Macular pucker is a condition where a fine layer of scar tissue forms on the retinal surface causing wrinkles that can distort and blur vision. This scar tissue can also be called an “Epiretinal Membrane”.
The formation of a fine layer of scar tissue is very common in eyes of people over the age of 70 because it is usually triggered by collapse of the vitreous gel within the eye as a normal aging process. In the vast majority of people, the mild surface wrinkling does not cause any significant visual disturbance.
What are the symptoms?
The most common symptoms from macular pucker are blurring of vision, distortion causing lines to appear bent and occasionally “image rivalry” which occurs because the two eyes see different images and this confuses the brain – it is unclear if there are two separate but similar objects.
Who needs treatment?
Macular pucker is only treated if there are troubling symptoms – not just because it has occurred.
What is the cure?
Treatment is by an operation called a vitrectomy and membrane peeling. This removes the surface scar tissue and allows the retina to return to a near normal location.
The surgical procedure is called a vitrectomy and was pioneered by Prof. Robert Machemer in the 1970’s. A/Prof Heriot was trained by Prof Machemer himself at Duke University Eye Centre.
The surgery is performed in the operating theatre, usually as a day case so you will go home once stable after surgery.
You will have to fast for around 6 hours prior to the anaesthetic and procedure.
You will have to attend at least one hour prior to the planned commencement time.
Prior to the procedure, the anaesthetist will discuss any potentially significant health issues with you and then give some short-term sedation by vein so that the eye can be made pain-free by local anaesthetic injections without any distress. General anaesthetic is very rarely necessary because the eye will be pain free and some ongoing tranquillisers ensure a stress-free procedure.

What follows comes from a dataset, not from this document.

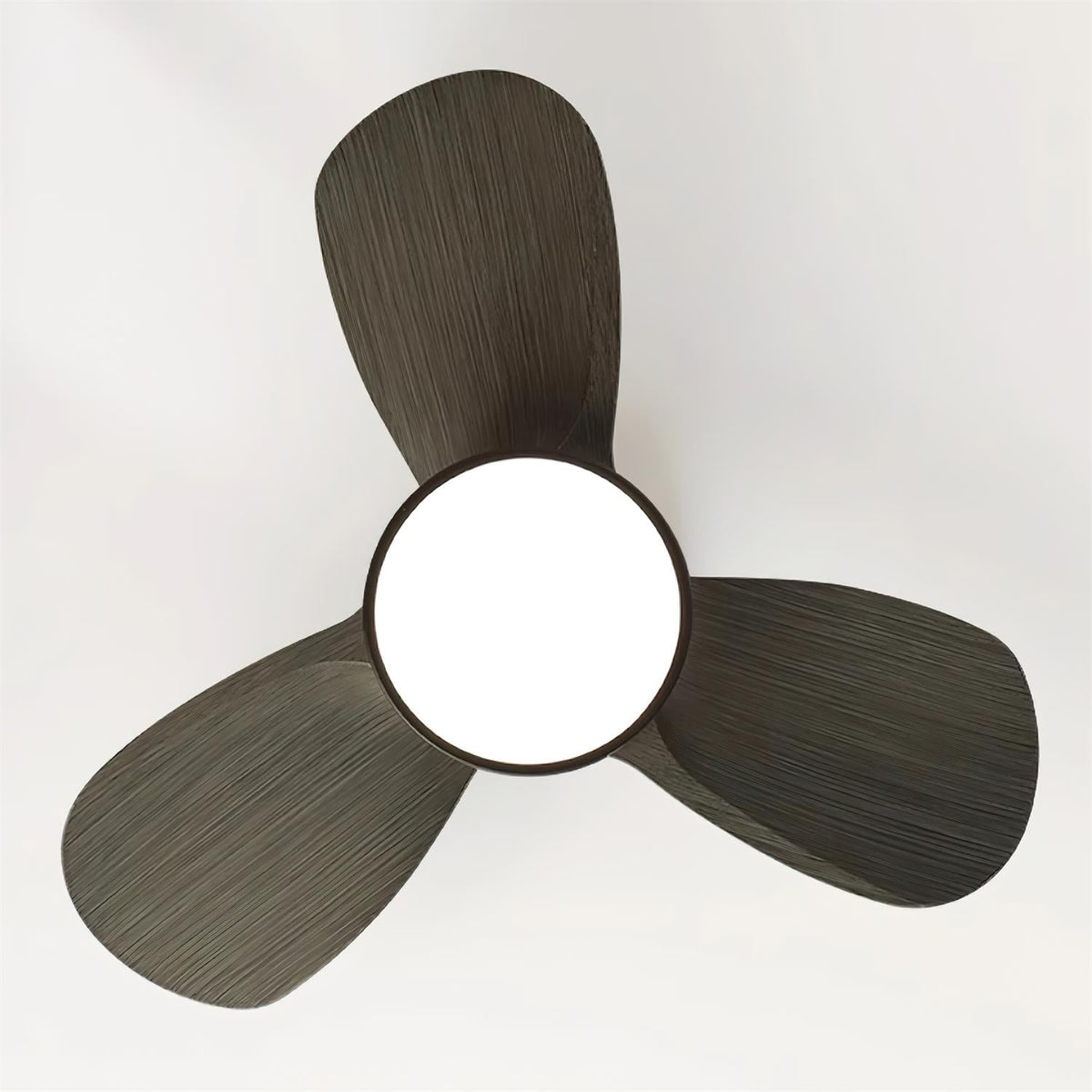 Lioraleria ventilador de techo con luz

A Vitrectomy is performed after the eye is pain free. The eye is washed with antiseptic and a small “speculum” is inserted between the eyelids to keep them open. An operating microscope is placed over the eye to visualise the internal contents. An “infusion line” with synthetic eye fluid is inserted to prevent the eye from collapsing. Very fine needle-like instruments are inserted into the eye cavity for the procedure. The surgeon holds an illuminating light source in one hand and alternates between the “vitrector” to remove some of the abnormal vitreous and micro-forceps to peel the scar tissue off the retinal surface. A special tissue stain is used to highlight the abnormal scar tissue from the normal retinal tissue. Peeling the scar tissue is a similar process (but at the microsurgical level) to slowly peeling sticky tape off a picture.
It is occasionally necessary to reinforce any weak areas in the retina by laser therapy and/or a gas bubble.
After the surgery, patients are taken to the recovery area where drinks (tea or coffee etc) and sandwiches are provided to “break the fast”.
A/Prof Heriot will review you the day following surgery and during the weeks following.
What are the risks?
Firstly, it is important to note that the scar tissue process is not just a retinal surface change but that there are also reactive changes within the retina itself. As such the vision does not always return to complete normality. There can be some residual distortion and some blurring despite an ideal removal of the scar tissue from the retinal surface.
The most common problem following vitrectomy and membrane peeling for macular pucker is the formation of a cataract. If a cataract is already present it may be removed during the surgery as well as a ‘’combined procedure”. The indications vs contraindications for combined surgery will be discussed with you in detail prior to booking the surgery.
Other uncommon risk factors include intraocular infection, retinal tears, retinal detachments, haemorrhage or inflammation or damage form the bright light used to see inside the eye during the surgery.
After the surgery
- The eye will be bloodshot and may feel a bit scratchy as if there was something in it.
- Usually only Panadol is needed for a day or two to relieve any discomfort.
- You will have eye drops to use for a few weeks following surgery. Generally, there is an antibiotic and an anti-inflammatory drop to be used 4 times a day. You will be advised of exact details following surgery.
- Vision improves over a number of weeks following the surgery and then at a slower rate for up to 18 months after the scar tissue is removed.